Rabbi Eliyahu Lopian, a noted 20th century sage who taught "Musar" - Torah Ethics - responds to this rationalization by reminding us of the following truth: From the perspective of the Torah, most hatred is unwarranted! According to the Torah, our petty prejudices, arrogance, judgemental attitude, jealousy, resentment, anger, and desire for revenge are not valid reasons for hating others. Rabbi Lopian explains that the mistake of the people of the Second Temple period was that they failed to investigate whether their hatred was permitted according to Torah - the Divine wisdom.
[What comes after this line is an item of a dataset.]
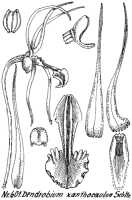 Dendrobium xanthocaulon: Dendrobium xanthocaulon Schltr., drawing R. Schlechter in Repert. Spec. Nov. Regni Veg. Beih. 21 (1923) t. 160, fig. 601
Had they done the proper spiritual study, they would have discovered that their hatred was indeed unwarranted. (Rabbi Lopian's teachings are cited in "Consulting the Wise" by Rabbi Zelig Pliskin.)
Those involved with natural healing know that the body releases toxins just before the final healing. So too, before the arrival of the messianic age, the last remaining toxins of strife and hatred are surfacing so that our people and and entire world can experience complete healing and renewal.  We therefore need to ensure that we are part of the solution and not the problem.  As the Chofetz Chaim explains:

"The coming of Moshiach - the Messiah - is literally in our hands, for Zohar Chadash states (Parshas Noach 23:3) that a single congregation can merit to bring about the Final Redemption by internalizing the quality of shalom in the desired way. It is impossible to merit the quality of shalom without first ridding oneself of baseless hatred and loshon hora. Whoever will strive to rid himself of these sins will have a share in the building of the Third Temple.

...How exalted will be those who merit these accomplishments, for when Moshiach will appear and the Temple will be built, it will become known that they played an important role in bringing this about."


Much Shalom,

Yosef Ben Shlomo Hakohen  (See below)

P.S. Rosh Chodesh Av is also the anniversary of the passing of Aaron, the Kohen (Numbers 33:38). Aaron was known for his love for people and for his efforts to achieve unity and shalom. In the spirit of Aaron, the loving Kohen, the Hazon letters during this period of mourning will be devoted to practical teachings and suggestions as to how we can disengage from hatred, in order to strengthen unity and shalom within our familes, communities, our people, and the world.